In this blog we have thus far used electric polarization of a solid as the model of polarization. If polarization grows superlinearly with the field strength, then the attraction between the electron and the proton will appear stronger.

Since a very strong (changing?) electric field can create a real pair, we suspect that polarization really is superlinear.

But how to reconcile this very different model with the idea of the Dirac sea?


The Uehling "force" is mediated by an electron-positron pair?


The Uehling potential becomes important at the distance of the electron reduced Compton wavelength, and it drops off exponentially at larger distances.

This immediately brings into mind that the Uehling potential is an attractive force caused by a dipole virtual electron-positron pair. The mediator "particle" of the Uehling force is a pair.


     proton
           ●        -    +       •  e-
                     dipole


A dipole is born between the proton and the electron which is passing it. The pair makes the attraction between the proton and the electron stronger. A dipole "conducts" the electric line of force and makes attraction stronger.

The energy-time uncertainty principle tells us that the pair, whose energy as a real system would be 1.022 MeV, can at most reach to the distance 1/2 times the reduced Compton wavelength of the electron.

How do we calculate the probability of a dipole forming?

When the electron passes the proton, it produces a sharp pulse in the electric field of the electron. The pulse contains frequencies which are high enough to create a 1.022 MeV pair, but the total energy of the pulse is too small. A real pair cannot be created, but maybe we can create a very short-lived virtual pair?


There is a sign error in the Feynman diagram and it calculates the "complement" of the correct effect?

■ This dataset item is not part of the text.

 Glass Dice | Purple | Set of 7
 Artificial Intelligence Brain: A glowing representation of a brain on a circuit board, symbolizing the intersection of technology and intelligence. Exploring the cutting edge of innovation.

The following could explain things.

The Feynman vacuum polarization diagram erroneously reduces the calculated cross section. It should increase it.


We wrote on December 25, 2020 that a particle cannot change its phase on its own. The photon (momentum p) in the diagram should keep its phase, not change it by 180 degrees.

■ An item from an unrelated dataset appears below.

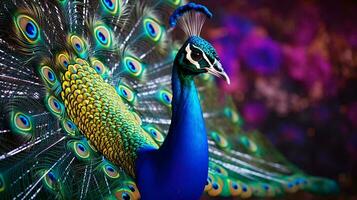 a close up of a peacock AI Generated photo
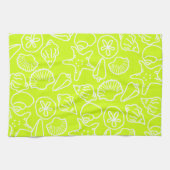 Chartreuse Green Seashell Kitchen Towel Theedoek (Horizontaal)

The Feynman formula, when we increase the exchanged spatial momentum |p| between the proton and the electron (make the electron go closer), leaves out the effect of virtual pairs with low 4-momentum. Think of Dirac's model. Negative energy electrons with low momentum have the polarization spread over a large spatial area. Decreasing the distance between the electron and the proton leaves out their effect.

But in the "Uehling force" model above, low 4-momentum is necessary for the pair, because otherwise destructive interference wipes it out. In that model, it is the low-4-momentum pairs which create the attractive force.

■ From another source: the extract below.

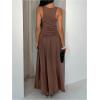 image:imageMakeMeChic Womens Square Neck Tank Dress Tie Knot A Line Swing Summer Maxi DressesCoffee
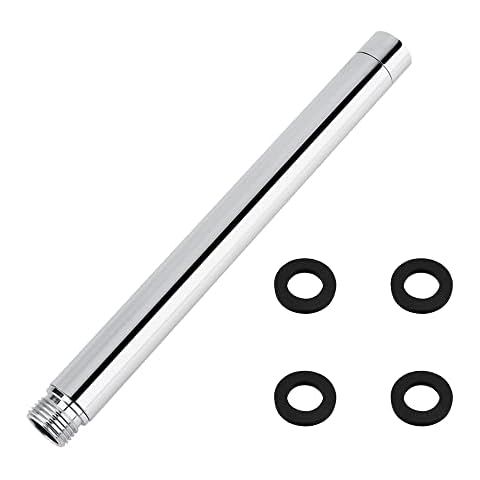 DXLing 27.5cm Round Shower Head Extension 304 Stainless Steel Shower Head Extension Arm G1/2" Straight Shower Head Extender Pipe Handheld Shower Extension Pipe for Bathroom Cover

Thus, when we increase |p|, the Feynman integral (with its negative sign, or 180 degree phase change) leaves out the probability amplitude contribution, say, P, of low-4-momentum pairs.


      e- ---------------------------------------------
                                 |  virtual
                                 |  photon
                                 |  p
     Z+ ---------------------------------------------


Above we have the diagram of plain Coulomb scattering.

Since P in the Feynman calculus has a 180 degree phase shift relative to the plain Coulomb scattering probability amplitude, adding P to it would reduce the cross section. Leaving P out increases the cross section: the Coulomb force looks a little bit stronger, which is the right end result.

We suggest that in the correct calculation, P should not have a 180 degree phase shift, and it should be added to the plain Coulomb scattering amplitude. We need to study this in detail.

P is kind of a "complement" of the Feynman integral.

If this is true, empty space is truly empty. It is the proton and the electron themselves who create virtual pairs, which make the electric line of force stronger.

Open problems: why does Dirac's model calculate the Uehling potential right, even though in his model it is the bending paths of negative energy electrons which cause the polarization? It is not virtual pair dipoles like in our model.

Why does the Feynman integral formula calculate the same thing as Dirac's model? In Dirac's model the negative energy electron enters the process as an independent particle. In the Feynman diagram, it is one half of a virtual pair.